### What to work on
Word for word, reproduce each line of the data below, omitting every image.

### Given data
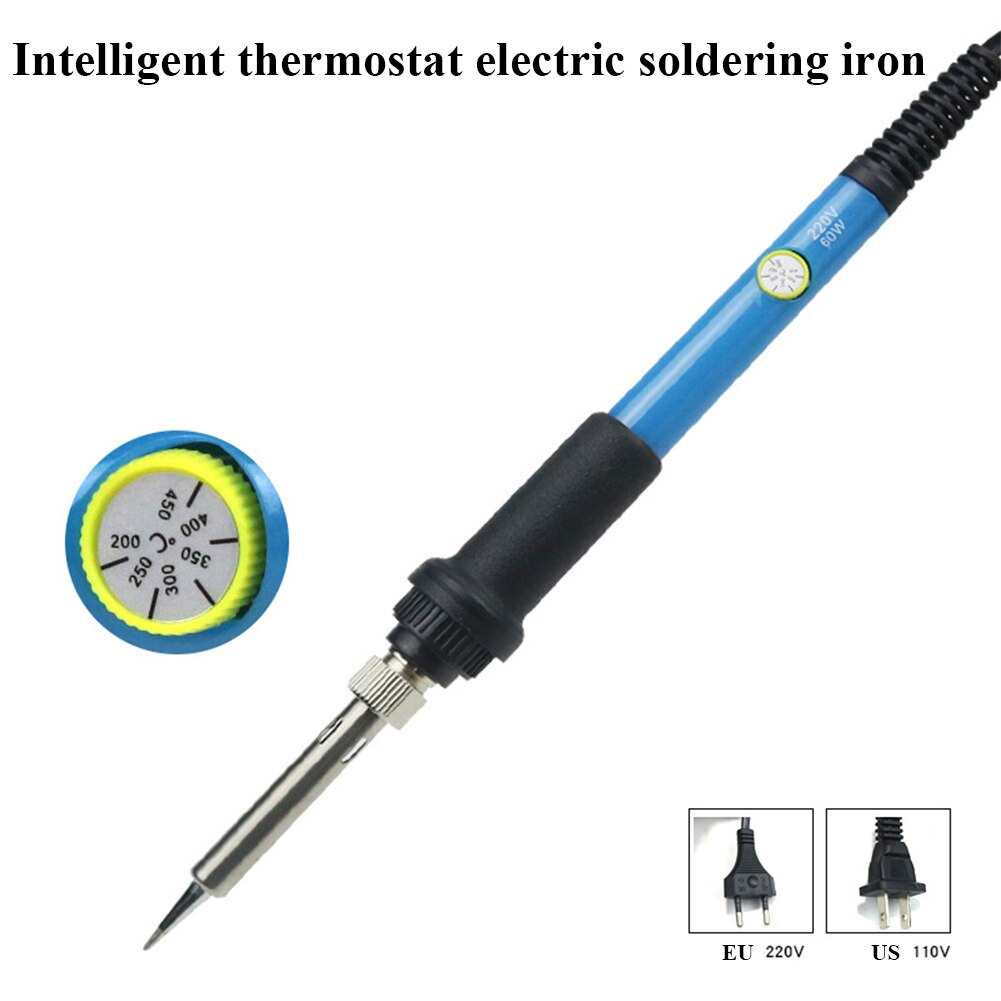 60W Electric Soldering Iron Station 220V 110V US/EU/UK PlugTemperature Adjustable Welding Soldering Tips Tools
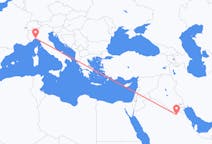 Voli da al-Qaysūma, Arabia Saudita to Genova, Italia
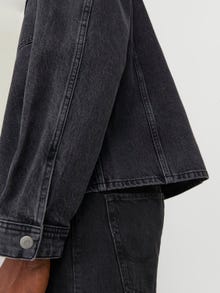 Jack & Jones Loose Fit Permatomi marškiniai -Black Denim - 12250089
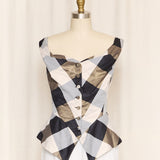 Vivienne Westwood Anglomania Checkered Top with Shawl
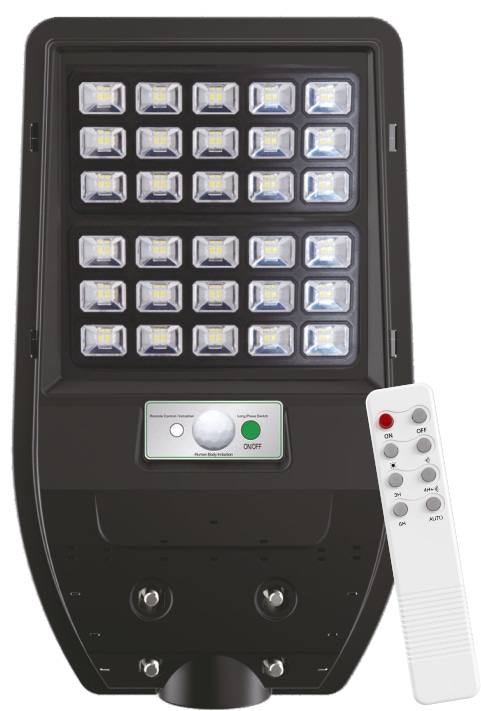 LUXULA Solar-Straßenleuchte, 50 W, 600 lm, mit PIR Sensor LUXULA Solar-Straßenleuchte, 50 W, 600 lm, mit PIR Sensor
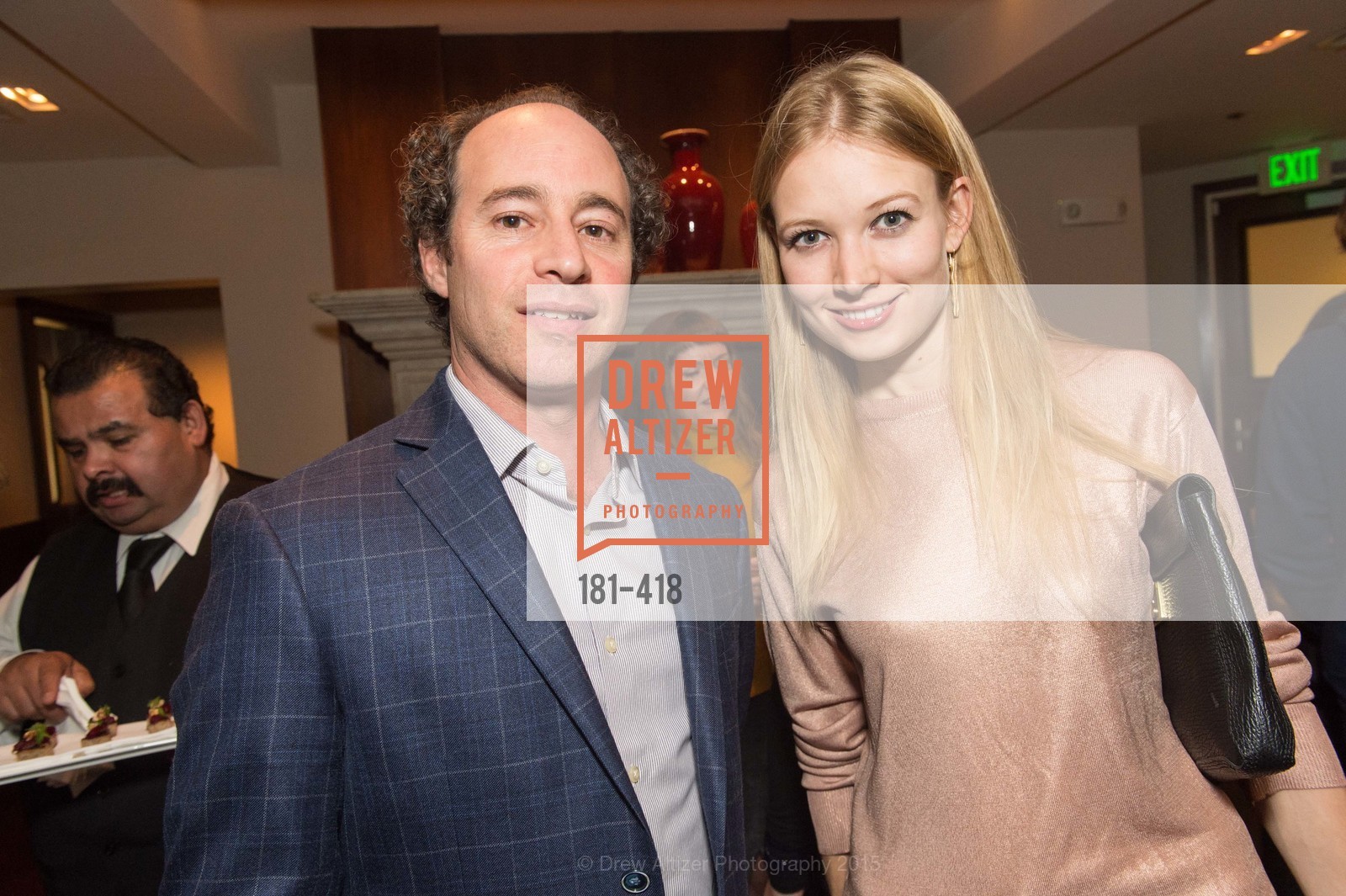 Jason Linetzky, Elena Soboleva, Artsy and Sotheby's Village Pub Dinner, Village Pub, October 27th, 2015,Drew Altizer, Drew Altizer Photography, full-service agency, private events, San Francisco photographer, photographer california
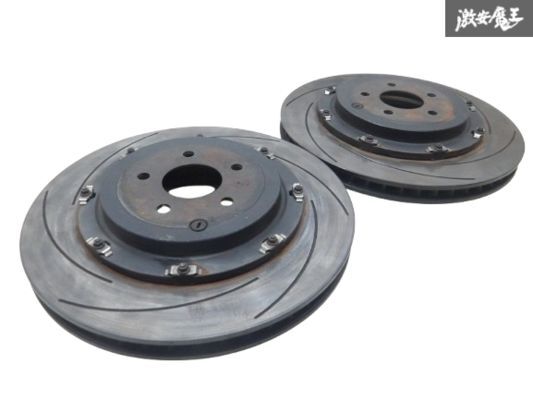 ☆残量有☆ 社外 R35 GT-R GTR VR38DETT 2ピース リア スリット ブレーキ ローター 左右 約380mm 即納拍卖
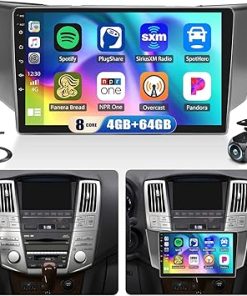 Dash Camera-AMprime-[4+64G]8-Core Android 13 Car Stereo for Lexus RX300 RX330 RX350 RX400H 2003-2009 with Apple Carplay&Android Auto-9 Inch Car Radio with Mirror Link Bluetooth FM/RDS WiFi GPS SWC Dual USB+Backup Camera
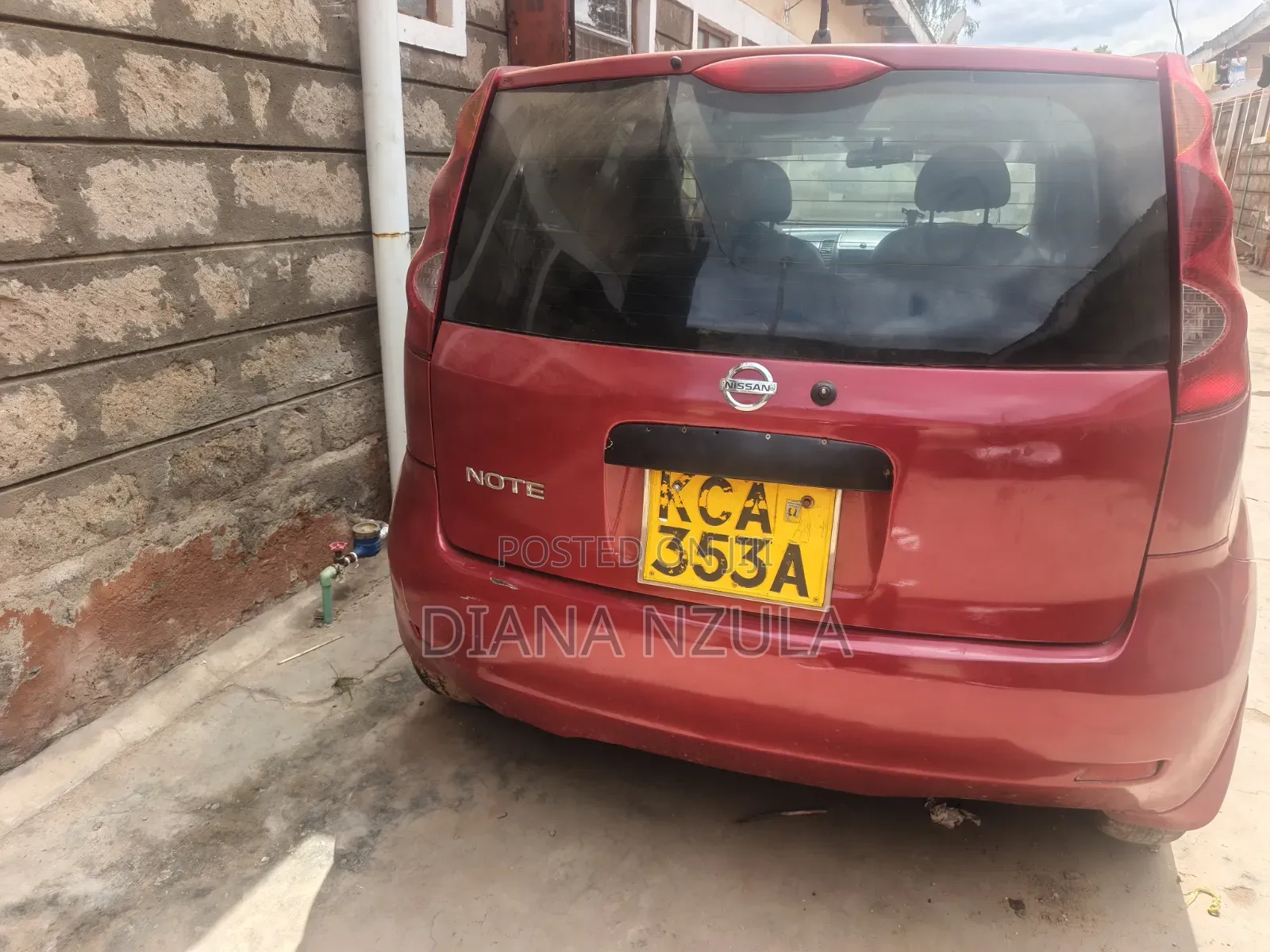 Nissan Note 2007 Red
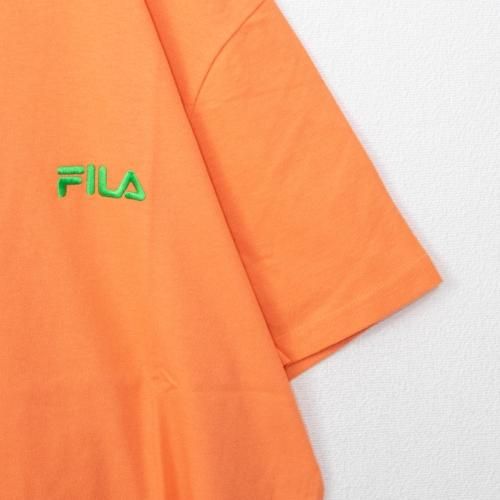 FILA BTS着用モデル Tシャツ ORANGE オレンジ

### Answer section
 60W Electric Soldering Iron Station 220V 110V US/EU/UK PlugTemperature Adjustable Welding Soldering Tips Tools
 Voli da al-Qaysūma, Arabia Saudita to Genova, Italia
 Jack & Jones Loose Fit Permatomi marškiniai -Black Denim - 12250089
 Vivienne Westwood Anglomania Checkered Top with Shawl
 LUXULA Solar-Straßenleuchte, 50 W, 600 lm, mit PIR Sensor LUXULA Solar-Straßenleuchte, 50 W, 600 lm, mit PIR Sensor
 Jason Linetzky, Elena Soboleva, Artsy and Sotheby's Village Pub Dinner, Village Pub, October 27th, 2015,Drew Altizer, Drew Altizer Photography, full-service agency, private events, San Francisco photographer, photographer california
 ☆残量有☆ 社外 R35 GT-R GTR VR38DETT 2ピース リア スリット ブレーキ ローター 左右 約380mm 即納拍卖
 Dash Camera-AMprime-[4+64G]8-Core Android 13 Car Stereo for Lexus RX300 RX330 RX350 RX400H 2003-2009 with Apple Carplay&Android Auto-9 Inch Car Radio with Mirror Link Bluetooth FM/RDS WiFi GPS SWC Dual USB+Backup Camera
 Nissan Note 2007 Red
 FILA BTS着用モデル Tシャツ ORANGE オレンジ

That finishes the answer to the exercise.